=== Data for this task ===
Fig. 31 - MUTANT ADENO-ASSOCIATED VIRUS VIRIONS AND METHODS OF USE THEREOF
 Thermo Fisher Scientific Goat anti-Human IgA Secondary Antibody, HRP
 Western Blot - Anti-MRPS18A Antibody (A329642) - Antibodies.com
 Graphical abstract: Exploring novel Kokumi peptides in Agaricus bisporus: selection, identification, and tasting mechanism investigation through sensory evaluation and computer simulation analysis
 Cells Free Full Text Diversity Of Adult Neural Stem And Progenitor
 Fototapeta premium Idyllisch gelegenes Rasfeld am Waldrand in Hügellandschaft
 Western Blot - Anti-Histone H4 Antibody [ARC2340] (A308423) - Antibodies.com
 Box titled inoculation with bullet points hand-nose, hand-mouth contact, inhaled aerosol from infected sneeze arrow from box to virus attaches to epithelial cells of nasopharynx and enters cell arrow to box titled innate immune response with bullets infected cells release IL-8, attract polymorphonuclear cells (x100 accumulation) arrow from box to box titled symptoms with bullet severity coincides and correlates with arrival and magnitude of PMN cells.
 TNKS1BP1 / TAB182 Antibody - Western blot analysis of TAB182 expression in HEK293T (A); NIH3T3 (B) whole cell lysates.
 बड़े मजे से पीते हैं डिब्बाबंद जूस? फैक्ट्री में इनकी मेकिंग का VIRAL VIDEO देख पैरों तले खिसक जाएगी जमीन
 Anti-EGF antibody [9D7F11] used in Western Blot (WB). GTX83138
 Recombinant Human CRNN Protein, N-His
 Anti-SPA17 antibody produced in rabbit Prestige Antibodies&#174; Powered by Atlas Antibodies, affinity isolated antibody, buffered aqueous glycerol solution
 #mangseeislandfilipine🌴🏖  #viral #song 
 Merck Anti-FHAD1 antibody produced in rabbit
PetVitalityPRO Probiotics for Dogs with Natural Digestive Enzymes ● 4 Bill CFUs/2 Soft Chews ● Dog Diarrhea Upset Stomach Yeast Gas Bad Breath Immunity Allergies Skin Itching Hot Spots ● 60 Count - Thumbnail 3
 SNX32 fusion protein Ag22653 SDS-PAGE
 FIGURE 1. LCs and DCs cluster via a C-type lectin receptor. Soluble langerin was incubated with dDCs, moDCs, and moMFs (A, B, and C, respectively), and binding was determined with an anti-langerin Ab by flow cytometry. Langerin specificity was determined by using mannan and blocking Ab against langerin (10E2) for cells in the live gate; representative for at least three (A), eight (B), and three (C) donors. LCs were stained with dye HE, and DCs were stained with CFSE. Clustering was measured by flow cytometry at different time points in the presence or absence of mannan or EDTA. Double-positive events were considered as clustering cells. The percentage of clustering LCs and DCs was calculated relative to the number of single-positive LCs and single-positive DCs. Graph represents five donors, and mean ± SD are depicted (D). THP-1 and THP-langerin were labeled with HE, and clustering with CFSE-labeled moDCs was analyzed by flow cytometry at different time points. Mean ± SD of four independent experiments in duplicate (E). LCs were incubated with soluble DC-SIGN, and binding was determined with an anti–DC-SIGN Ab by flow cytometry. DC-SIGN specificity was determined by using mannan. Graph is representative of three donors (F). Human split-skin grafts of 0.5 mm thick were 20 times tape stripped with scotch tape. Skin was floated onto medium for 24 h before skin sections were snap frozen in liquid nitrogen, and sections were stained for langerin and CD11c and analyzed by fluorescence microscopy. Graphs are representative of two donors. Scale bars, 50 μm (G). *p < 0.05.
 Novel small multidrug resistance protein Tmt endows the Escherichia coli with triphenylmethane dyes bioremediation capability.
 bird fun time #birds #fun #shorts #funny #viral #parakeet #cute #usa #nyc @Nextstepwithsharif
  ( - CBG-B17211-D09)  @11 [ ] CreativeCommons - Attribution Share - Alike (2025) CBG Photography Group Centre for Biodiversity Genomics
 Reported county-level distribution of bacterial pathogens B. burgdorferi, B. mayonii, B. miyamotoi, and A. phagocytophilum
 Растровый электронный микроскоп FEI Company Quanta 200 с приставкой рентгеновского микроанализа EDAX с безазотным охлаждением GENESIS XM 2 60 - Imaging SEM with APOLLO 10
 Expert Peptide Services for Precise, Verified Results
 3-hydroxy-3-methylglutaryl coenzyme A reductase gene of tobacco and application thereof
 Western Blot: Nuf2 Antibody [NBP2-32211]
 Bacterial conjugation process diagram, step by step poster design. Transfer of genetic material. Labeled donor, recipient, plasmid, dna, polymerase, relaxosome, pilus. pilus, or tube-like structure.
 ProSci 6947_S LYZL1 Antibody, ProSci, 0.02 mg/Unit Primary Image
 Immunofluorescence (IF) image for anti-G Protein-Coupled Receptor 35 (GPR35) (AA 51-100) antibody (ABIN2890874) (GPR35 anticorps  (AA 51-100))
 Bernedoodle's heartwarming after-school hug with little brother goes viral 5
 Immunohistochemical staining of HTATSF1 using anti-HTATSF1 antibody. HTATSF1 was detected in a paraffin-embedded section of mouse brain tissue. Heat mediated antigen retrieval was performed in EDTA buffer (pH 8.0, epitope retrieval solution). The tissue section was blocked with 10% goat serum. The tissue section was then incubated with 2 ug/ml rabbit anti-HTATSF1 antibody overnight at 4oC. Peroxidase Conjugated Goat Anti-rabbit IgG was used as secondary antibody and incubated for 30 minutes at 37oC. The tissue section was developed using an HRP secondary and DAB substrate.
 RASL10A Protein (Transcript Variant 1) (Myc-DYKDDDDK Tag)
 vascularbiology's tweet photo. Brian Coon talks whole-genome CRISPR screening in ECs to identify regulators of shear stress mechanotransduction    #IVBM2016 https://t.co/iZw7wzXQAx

=== Directions for this task ===
In the listing above, find the line containing "Cells Free Full" and the line containing "Western Blot - Anti-Histone", then retype both and every line between them exactly, with nothing else.

=== Response to the exercise ===
 Cells Free Full Text Diversity Of Adult Neural Stem And Progenitor
 Fototapeta premium Idyllisch gelegenes Rasfeld am Waldrand in Hügellandschaft
 Western Blot - Anti-Histone H4 Antibody [ARC2340] (A308423) - Antibodies.com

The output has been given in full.